■ Your task
After locating the line that bears "Front view: NEMA", restate word for word that line and the rest of the listing to its final line, excluding all pictures.

[Opening Exercise data section]

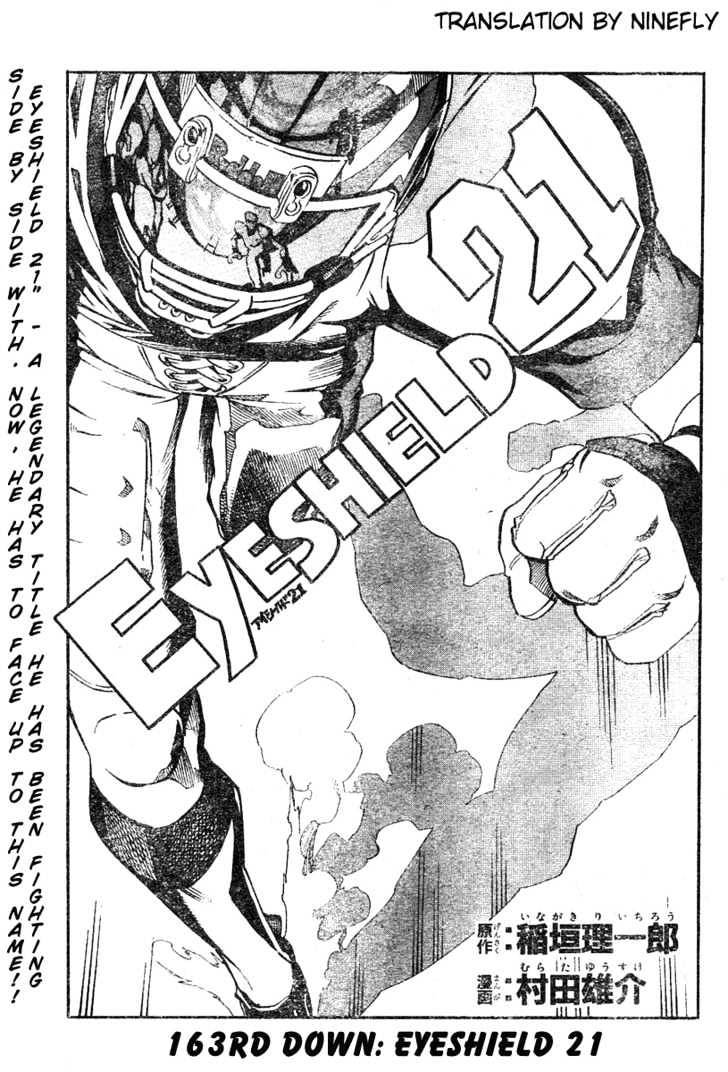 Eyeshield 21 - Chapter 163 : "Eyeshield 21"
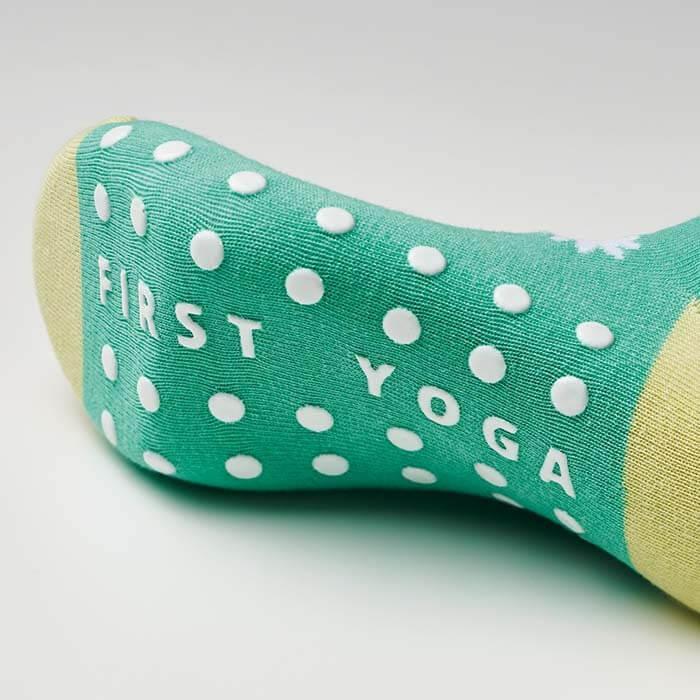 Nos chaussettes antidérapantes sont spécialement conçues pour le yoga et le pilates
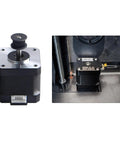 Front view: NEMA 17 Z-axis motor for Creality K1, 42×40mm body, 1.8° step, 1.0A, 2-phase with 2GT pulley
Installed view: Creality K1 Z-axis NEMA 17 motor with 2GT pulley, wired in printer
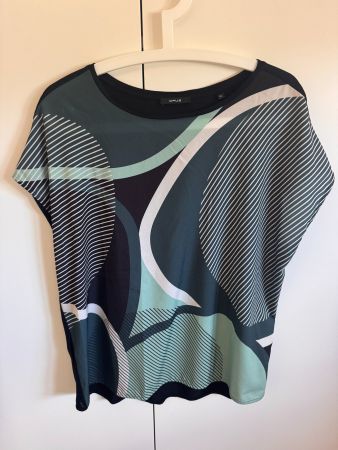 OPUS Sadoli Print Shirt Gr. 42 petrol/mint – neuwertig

[Closing Exercise data section]

■ Answer
 Front view: NEMA 17 Z-axis motor for Creality K1, 42×40mm body, 1.8° step, 1.0A, 2-phase with 2GT pulley
Installed view: Creality K1 Z-axis NEMA 17 motor with 2GT pulley, wired in printer
 OPUS Sadoli Print Shirt Gr. 42 petrol/mint – neuwertig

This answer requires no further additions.